How to use Wordnet 3.1 with NLTK on Python?
Solution 1:
After a lot of searching and trial and error, I was able to use Wordnet 3.1 on NLTK (Python). I tweaked this gist to make it work. I am providing the details below.
I divided the code provided in the gist in 3 parts.
Part 1. download_extract.py
import os
nltkdata_wn = '/path/to/nltk_data/corpora/wordnet/'
wn31 = "http://wordnetcode.princeton.edu/wn3.1.dict.tar.gz"
if not os.path.exists(nltkdata_wn+'_3.0'):
os.mkdir(nltkdata_wn+'_3.0')
os.system('mv '+nltkdata_wn+"* "+nltkdata_wn+"_3.0/")
if not os.path.exists('wn3.1.dict.tar.gz'):
os.system('wget '+wn31)
os.system("tar zxf wn3.1.dict.tar.gz -C "+nltkdata_wn)
os.system("mv "+nltkdata_wn+"dict/* "+nltkdata_wn)
os.rmdir(nltkdata_wn + 'dict')
This is used to back up the existing Wordnet 3.0 folder from wordnet
to wordnet_3.0
, download the Wordnet 3.1 database, and put it in folder wordnet
. Since I am on a Windows system, I did this manually.

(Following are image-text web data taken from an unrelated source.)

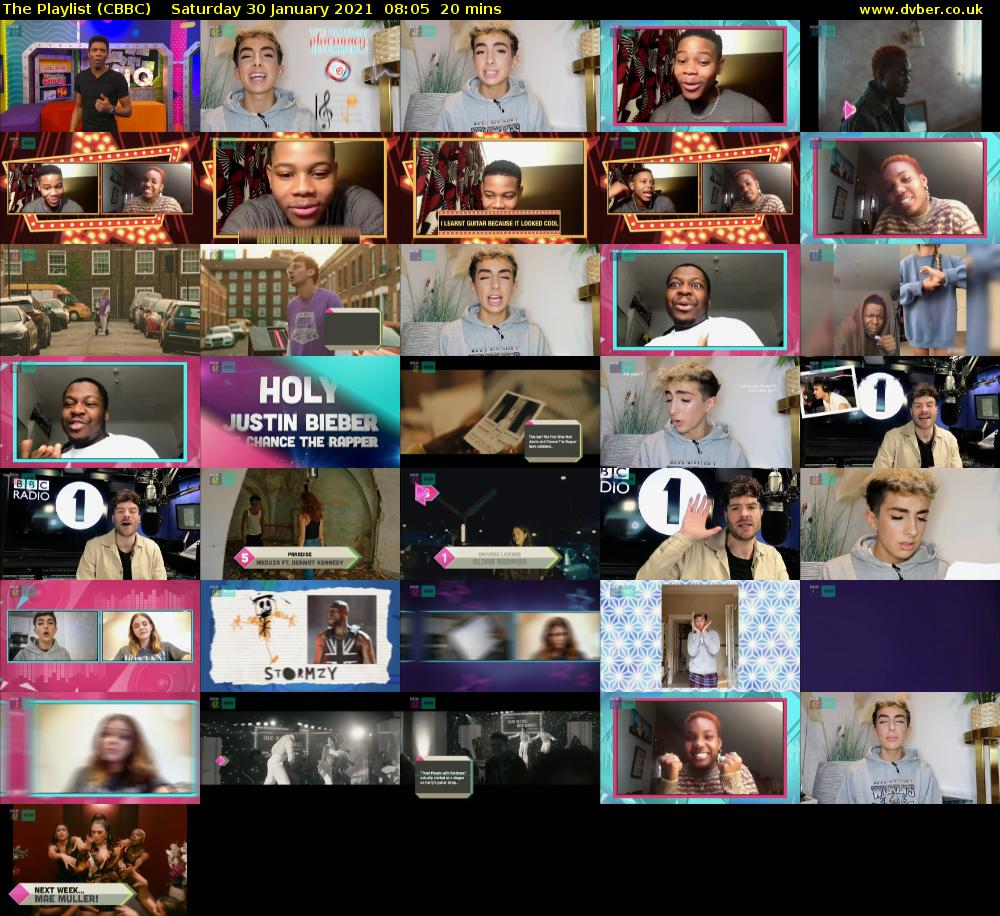 The Playlist (CBBC) Saturday 30 January 2021 08:05 - 08:25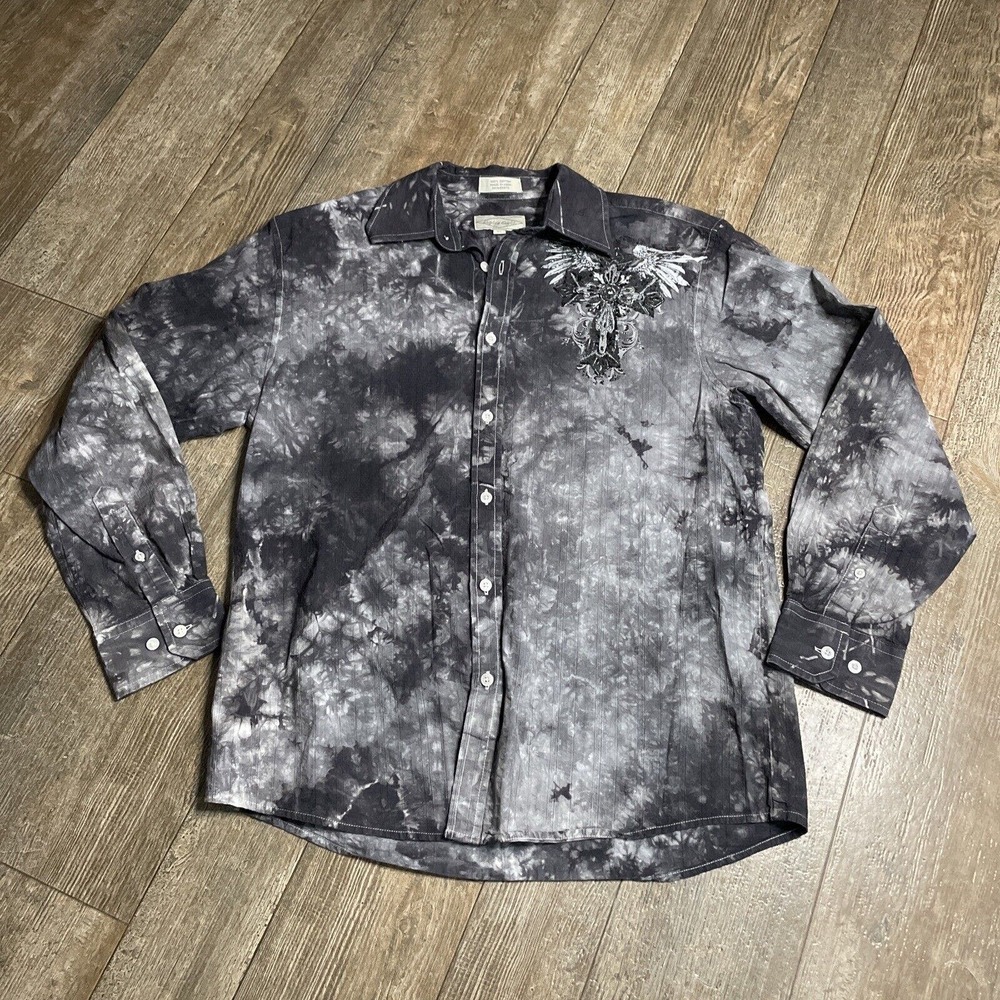 Eighty Eight Affliction Style Button Down Shirt G… - image 4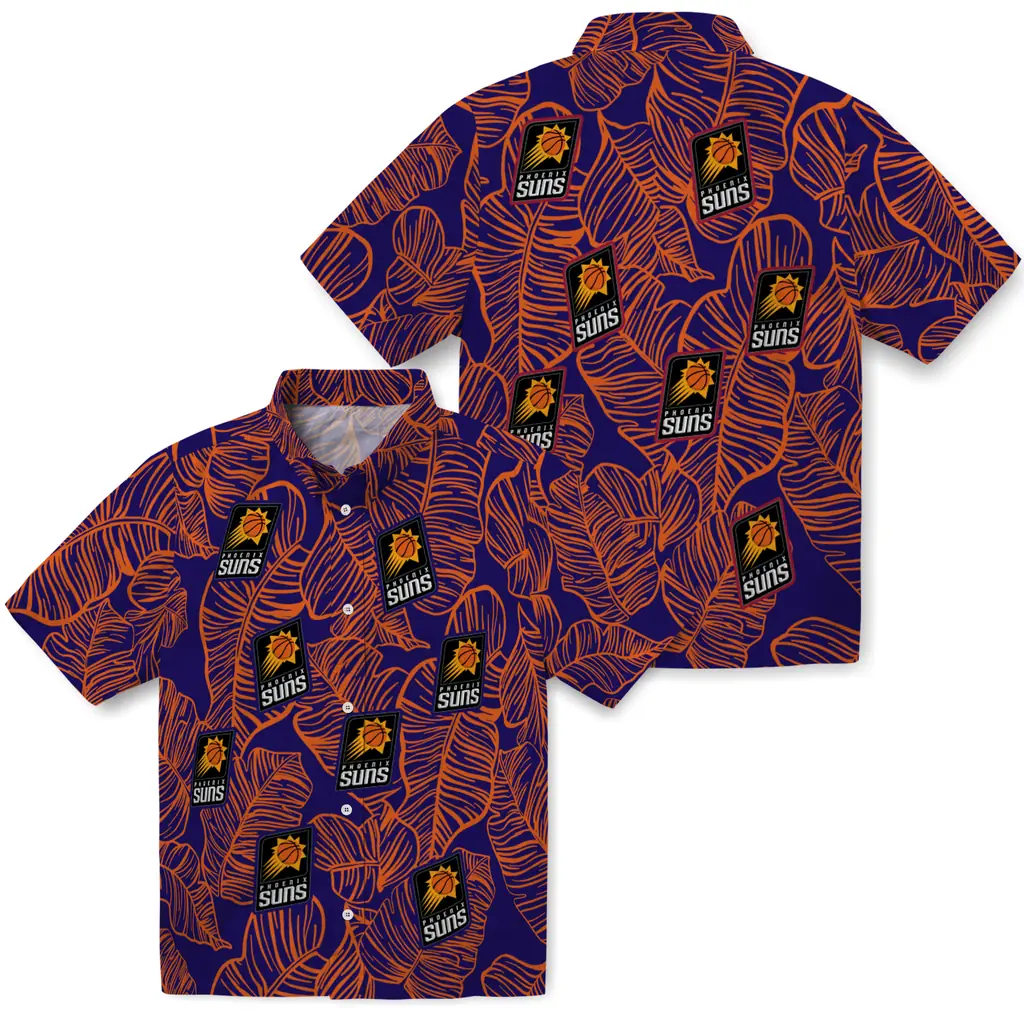 Phoenix Suns Hawaiian Shirt - Leaf Outline phoenix suns leaf outline purple hawaiian shirts high quality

Part 2. create_lexnames.py
import os
nltkdata_wn = '/path/to/nltk_data/corpora/wordnet/'
dbfiles = nltkdata_wn+'dbfiles'
with open(nltkdata_wn+'lexnames', 'w') as fout:
for i,j in enumerate(sorted(os.listdir(dbfiles))):
pos = j.partition('.')[0]
if pos == "noun":
syncat = 1
elif pos == "verb":
syncat = 2
elif pos == "adj":
syncat = 3
elif pos == "adv":
syncat = 4
elif j == "cntlist":
syncat = "cntlist"
fout.write("\t".join([str(i).zfill(2),j,str(syncat)])+"\n")
This creates the required lexnames
file in the wordnet
folder.
Part 3. testing_wn31.py
from nltk.corpus import wordnet as wn
nltkdata_wn = '/path/to/nltk_data/corpora/wordnet/'
# Checking generated lexnames file.
for i, line in enumerate(open(nltkdata_wn + 'lexnames','r')):
index, lexname, _ = line.split()
##print line.split(), int(index), i
assert int(index) == i
# Testing wordnet function.
print(wn.synsets('dog'))
for i in wn.all_synsets():
print(i, i.pos(), i.definition())
This tested the generated lexname
file and also tested if the wordnet functions are working fine.
Once I am done with this procedure, I ran following code in python and found that it is actually running version 3.1
>>> from nltk.corpus import wordnet
>>> wordnet.get_version()
'3.1'
A Word of Caution
Once you replace the Wordnet 3.1 database, you'll notice that if you run the following code
>>> import nltk
>>> nltk.download()
in the download dialog box, you will see that under Corpora
tab, Wordnet
will be shown as out of date
, you should not try to update it as it will either replace the wordnet to version 3.0 or break it.